On considère les Mongols comme les premiers à avoir utilisé la peste comme arme biologique car en 1346 alors qu’ils assiégeaient Caffa, une colonie de génois de Crimée, ils utilisèrent la peste qui sevissait dans leurs rangs et catapultèrent les cadavres des leurs par delà les enceintes de la ville afin de contaminer les Génois qui ne tardent pas à présenter les premiers symptômes. L’histoire est assez fameuse car ceux-ci ayant ainsi contracté la maladie, ils la propagèrent à Constantinople puis en Italie et en France. La plupart des historiens ayant étudié ce fléau y voient l’origine de la « peste noire » qui décima la moitié de l’Europe à partir de 1347.

Allégorie de la peste (peinture anonyme 15e siècle)

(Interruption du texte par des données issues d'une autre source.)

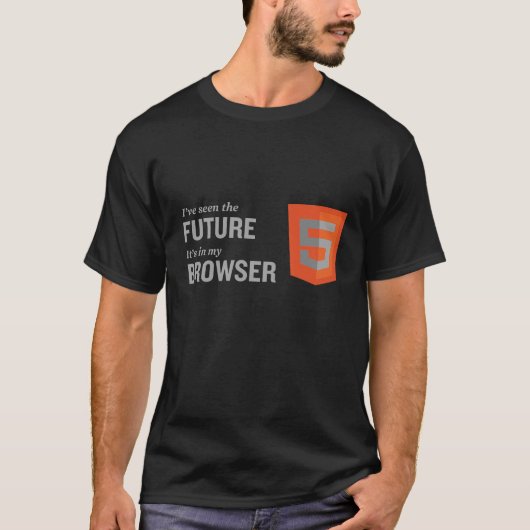 Html5 das zukünftige Browser-T-Shirt 03 T-Shirt (Vorderseite)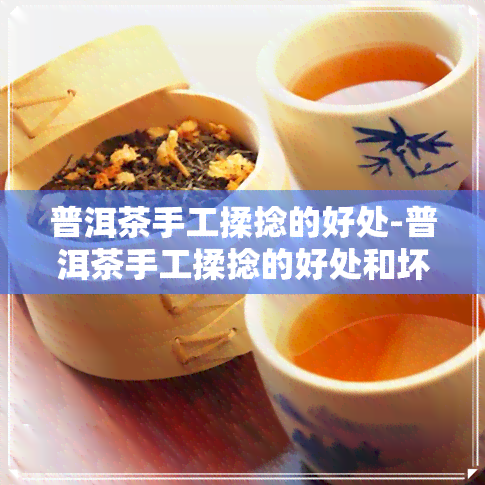 普洱茶手工揉捻的好处-普洱茶手工揉捻的好处和坏处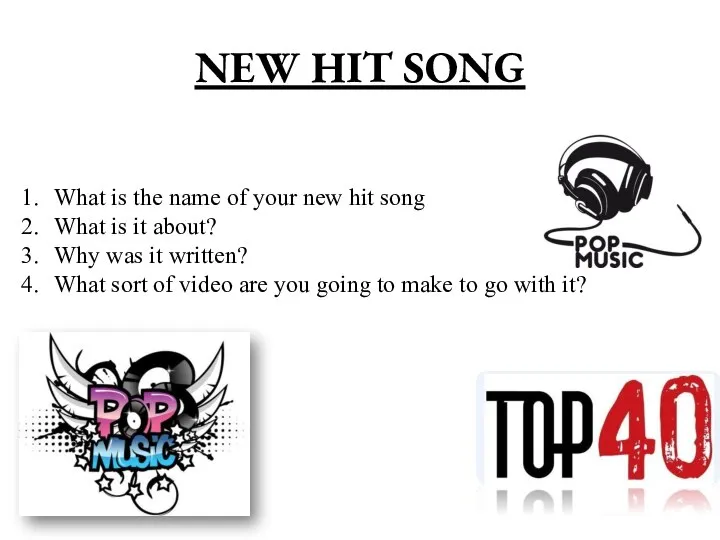 NEW HIT SONG What is the name of your new hit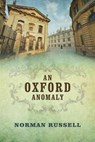 An Oxford Anomaly - Norman Russell - 9780719819858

Au début du XXe siècle, une unité de recherche en bactériologie « l’unité 731 » de l’armée japonaise, spécialisée dans les armes biologique utilisa la peste pour contaminer les points d’eau et développa des techniques pour larguer par avion sur territoire ennemi des quantités importantes de puces infectées. Ce type d’arme aurait été utilisé tout d’abord dans la lutte contre les chinois qui s’opposaient à l’occupation de la Mandchourie, puis durant la 2nd guerre mondiale contre les forces alliées, mais avec des résultats médiocres. Puis pendant la guerre froide les armées américaine et russe s’intéressent a leur tour à l’utilisation de Y.pestis comme arme bactériologique. Dans les année 70 à 90, des centre spécialisée en URSS ont mis en place des méthodes pour aérosoliser la bactérie sans porté atteinte à sa survie dans le but de l’incorporée à des bombes portées des missiles intercontinentaux. Des souches résistantes aux antibiotiques ont ainsi été développées mais également des souches exprimant la toxine diphtérique afin de contourner la protection conférée par le vaccin. Depuis 2001, l’armée biologique est considérée comme une arme de destruction massive potentielle, au même titre que des armes nucléaire, radiologiques et chimiques (armes NRBC). Une liste des agents pathogènes les plus susceptibles d’être utilisés à des fin malveillant à été établies. La bacille de la peste en fait partie. Les expert de défense craignent par exemple que la technologie développée dans les laboratoires russes depuis la guerre froide puisse, suite au démantèlement de ces laboratoires à la chute de l’ex-URSS, être vendue au plus offrant.